> [Task prompt] In the listing below, find the line with "Bouvardia tenuifolia" and copy every line from there up to and including the line with "Torbalı\'da Su Kanalına", exactly and without pictures.

Dataset extract section start

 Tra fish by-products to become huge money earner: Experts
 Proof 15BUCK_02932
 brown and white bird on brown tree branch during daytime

Dataset extract section end
Dataset extract section start

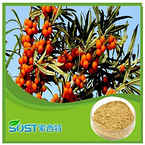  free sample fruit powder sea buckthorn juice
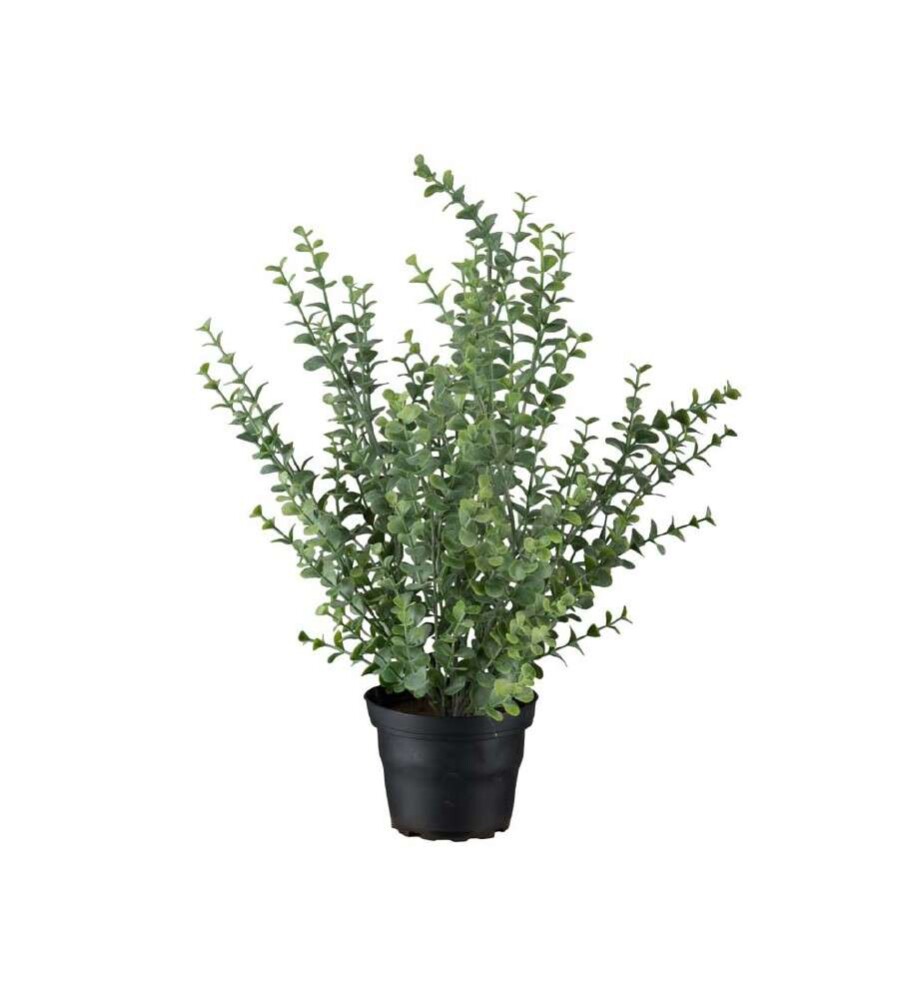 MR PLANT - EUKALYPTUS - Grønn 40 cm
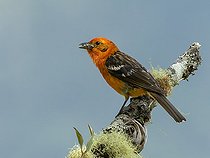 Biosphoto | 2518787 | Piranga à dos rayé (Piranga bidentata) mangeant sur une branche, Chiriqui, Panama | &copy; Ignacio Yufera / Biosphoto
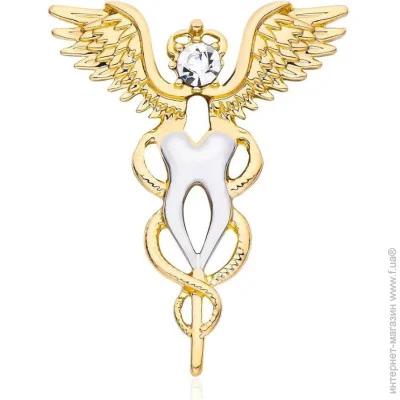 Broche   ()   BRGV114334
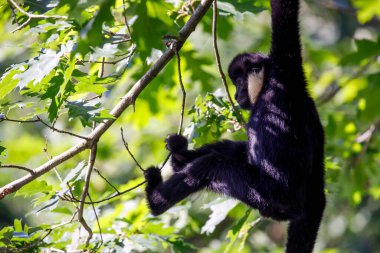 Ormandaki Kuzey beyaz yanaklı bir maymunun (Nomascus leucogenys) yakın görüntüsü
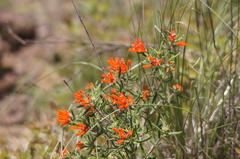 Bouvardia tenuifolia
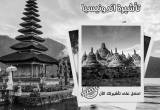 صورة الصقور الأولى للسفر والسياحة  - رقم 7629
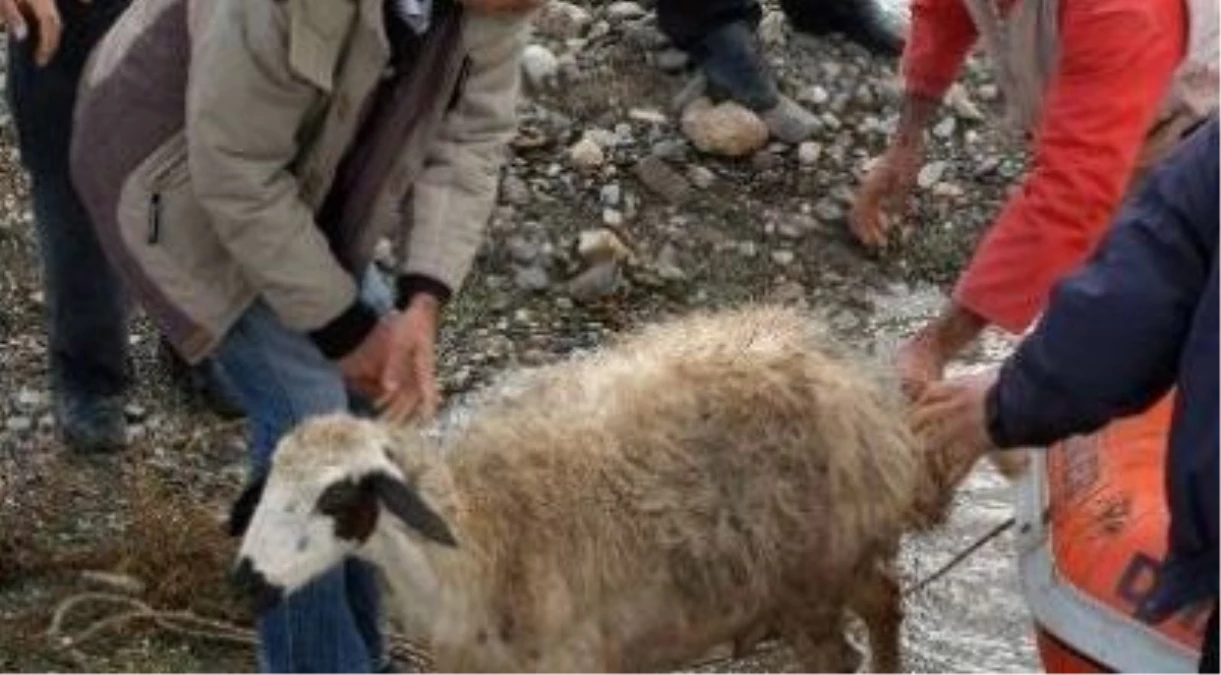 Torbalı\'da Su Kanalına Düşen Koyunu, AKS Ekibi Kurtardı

Dataset extract section end

> [Solution]
 Bouvardia tenuifolia
 صورة الصقور الأولى للسفر والسياحة  - رقم 7629
 Torbalı\'da Su Kanalına Düşen Koyunu, AKS Ekibi Kurtardı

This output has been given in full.